Great!Clarence was getting brighter and growing a pair at the worst possible time. “It’s nothing bad. It’s just…”Think, Mitch! “Kinda embarrassing,” he said.

“Embarrassing? Why?”

“Come on, Clarence. You know. Guy to guy? She’s smokin’ hot and… Like that.”

“Oh,” Clarence chuckled, sounding relieved. “I get it. You wanted to know if she had company.”

“Now you see why I didn’t want it talked about? Guys in the unit would give me shit and never let up.”

“I won’t say anything.”

“My man! Thanks. Go on home, try to get some rest before your shift.”

They signed off, and Mitch took a long, deep breath.

He ran the license plate of the car. As expected, it was registered to an LLC that had a name comprised of capital letters that didn’t spell anything and probably stood for nothing, either.

He did a Google search of the address on the registration. It was a vacant lot for sale and had been on the market for more than seven hundred days. He called the phone number on the real estate listing, and a recording informed him that the number was no longer in service. “Shocker,” he muttered.
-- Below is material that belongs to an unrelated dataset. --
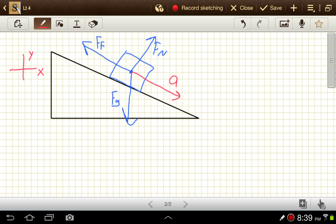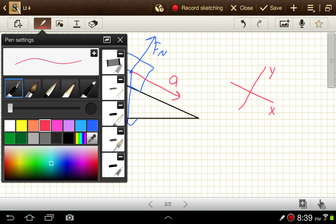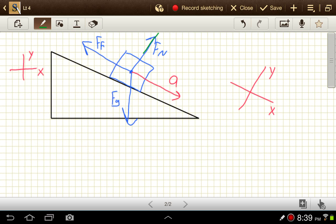It's good to be familiar with that process, but it's easier to avoid it when we can. In this problem we can avoid it by making our x-axis parallel to the ramp and our y-axis perpendicular to it. Now our y-axis has the normal force on it, our x-axis has the frictional force, and our acceleration, velocities, and displacements all lie along the x direction — so we don't have to find x and y components for those.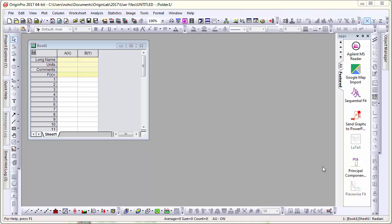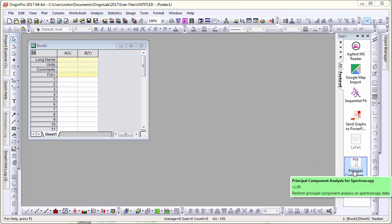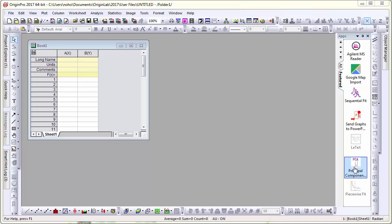In this video, we'll take a quick look at the principal component analysis for spectroscopy app. I have the app already installed.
He shut down his laptop and turned out all the lights in the main room save for one small lamp. It didn’t shed much light, but enough to assist him in opening John’s bedroom door with as little noise as possible. Which wasn’t easy to do while holding a pistol in one hand. He made his way across the room to the bed, where he set the pistol on the nightstand and then lay down with as little jostling as possible.

In spite of his precautions, Dylan turned from her side facing away from him onto her back.